Start of Block

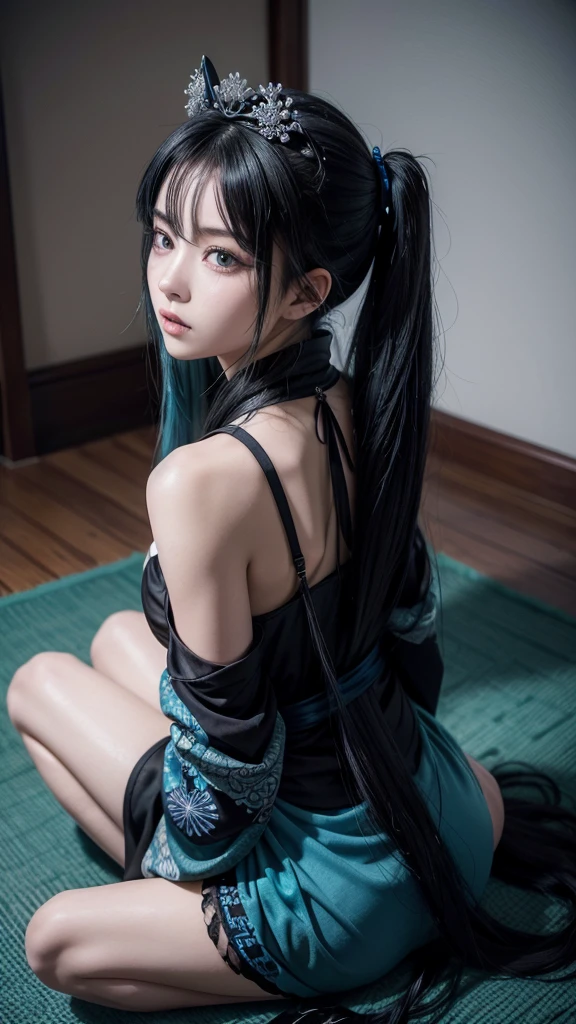 Screenshot from Kimetsu No Yaiba The image shows a mysterious and elegant woman, with long, aqua blue hair cascading down her back, with black locks that intertwine with the blue. His face is completely covered by a mask that is half white and half black with intricate designs that look like snowflakes and ice blocks.. On top of the mask, There is a design that resembles the full moon, with fine and delicate details.
The woman is wearing a black kimono with blue and white details., which resembles the style of the Demon Slayers of Kimetsu No Yaiba.
Her posture is sitting on the floor while both legs are on the floor she is on her back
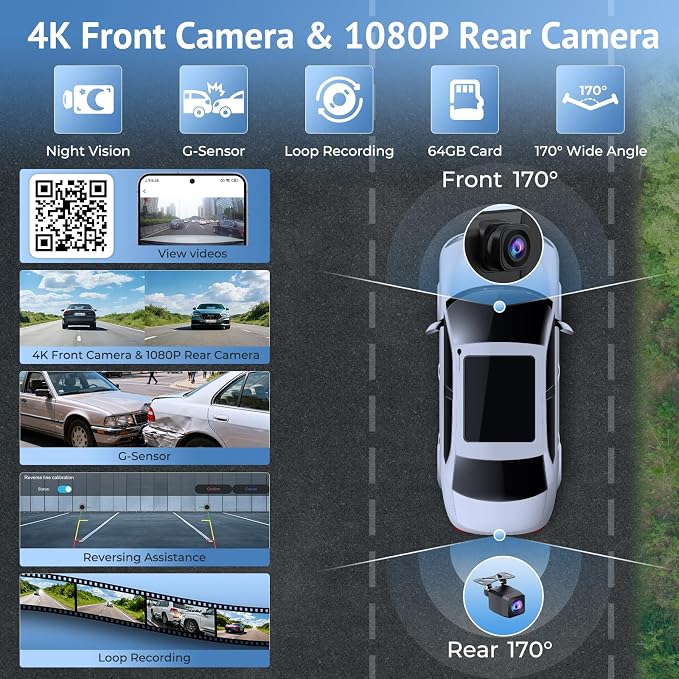 10.26" HD Wireless CarPlay Screen for Carplay & Android Auto Touch Screen,4K Dash Cam,1080P Backup Camera,Mirror Link,GPS,Bluetooth,64G TF,for All Vehicles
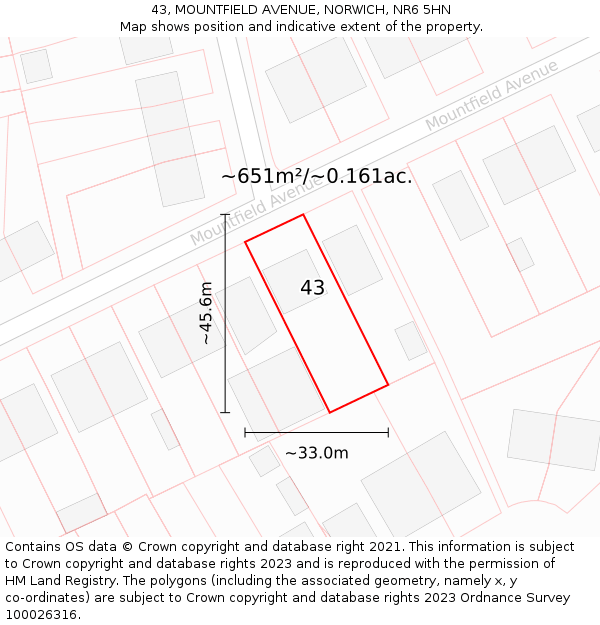 43, MOUNTFIELD AVENUE, NORWICH, NR6 5HN: Plot and title map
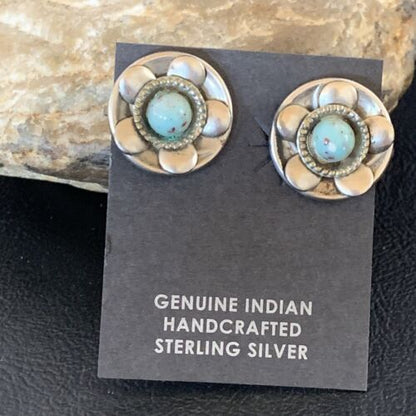 Native American Clip-On Earrings Set | Old Pawn Navajo Sterling Silver Blue Turquoise | 13021 - Masha USA
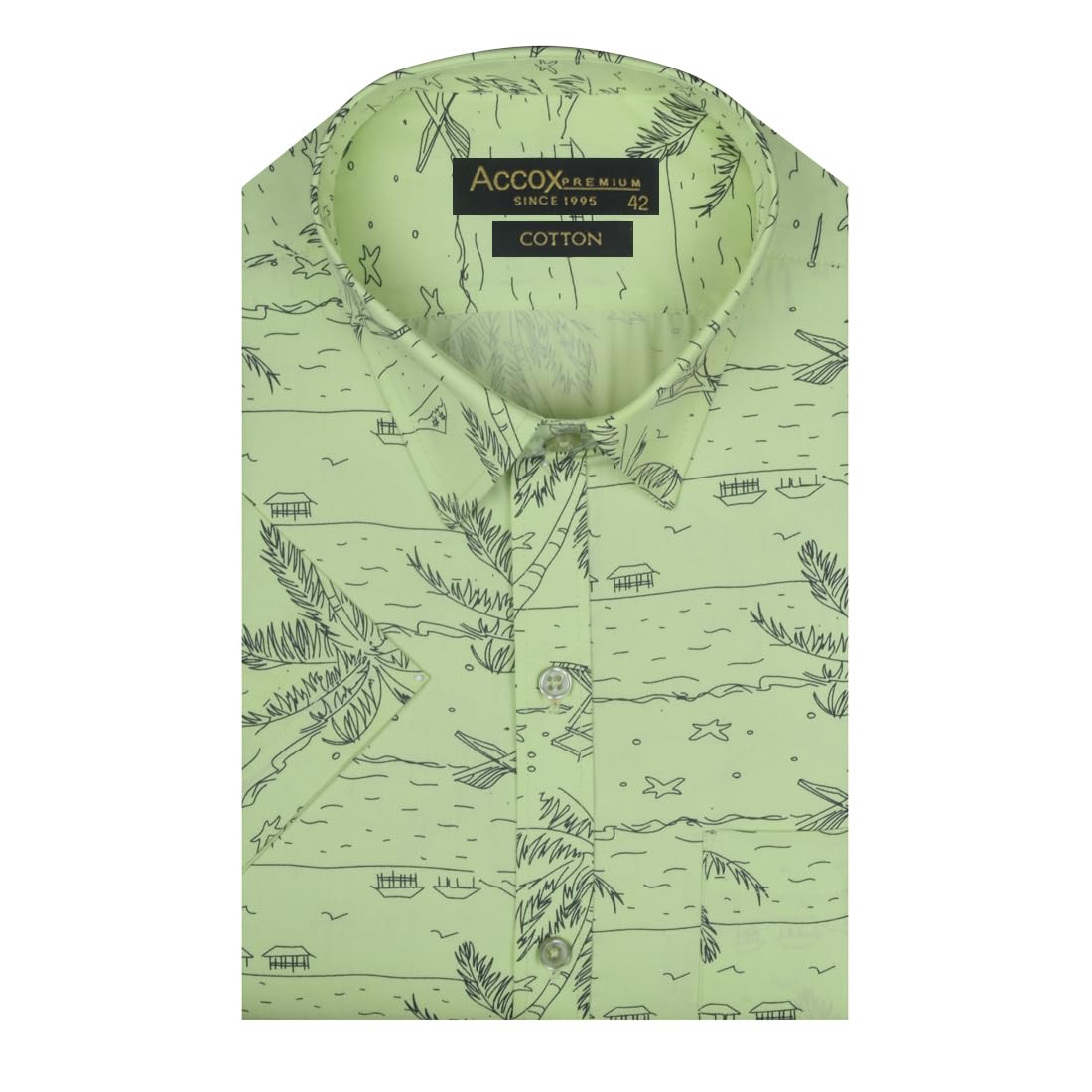 Accox Men's Cotton Printed Formal Shirt (B0D5VM17GW)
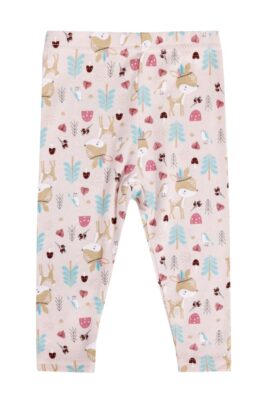 Neugeborenen, Baby & Kleinkinder 2er Multipack Mädchen Basic Leggings pants von BOLEY - Vorderansicht der rosa All-over-Print gemusterten Mädchenleggings aus Baumwolle mit Rehkitze, Pilze, Blätter & Bäume für Frühling, Sommer, Herbst & Winter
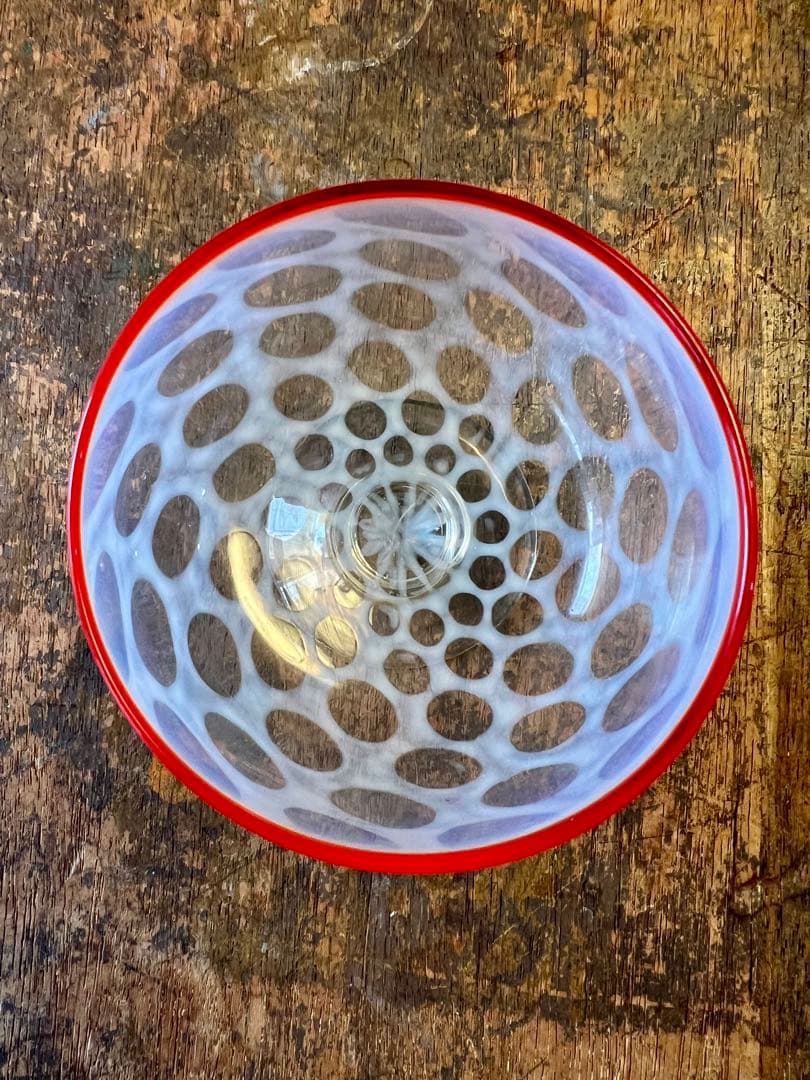 大正ロマン 赤縁水玉紋氷コップ 和ガラス アンティーク 古道具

End of Block

■ **TASK BRIEF**: Quote exactly the lines from the one that contains "Accox Men's Cotton" through the end of the listing above, both ends included, leaving out the pictures.

■ **RESULT OF THE EXERCISE**:
 Accox Men's Cotton Printed Formal Shirt (B0D5VM17GW)
 Neugeborenen, Baby & Kleinkinder 2er Multipack Mädchen Basic Leggings pants von BOLEY - Vorderansicht der rosa All-over-Print gemusterten Mädchenleggings aus Baumwolle mit Rehkitze, Pilze, Blätter & Bäume für Frühling, Sommer, Herbst & Winter
 大正ロマン 赤縁水玉紋氷コップ 和ガラス アンティーク 古道具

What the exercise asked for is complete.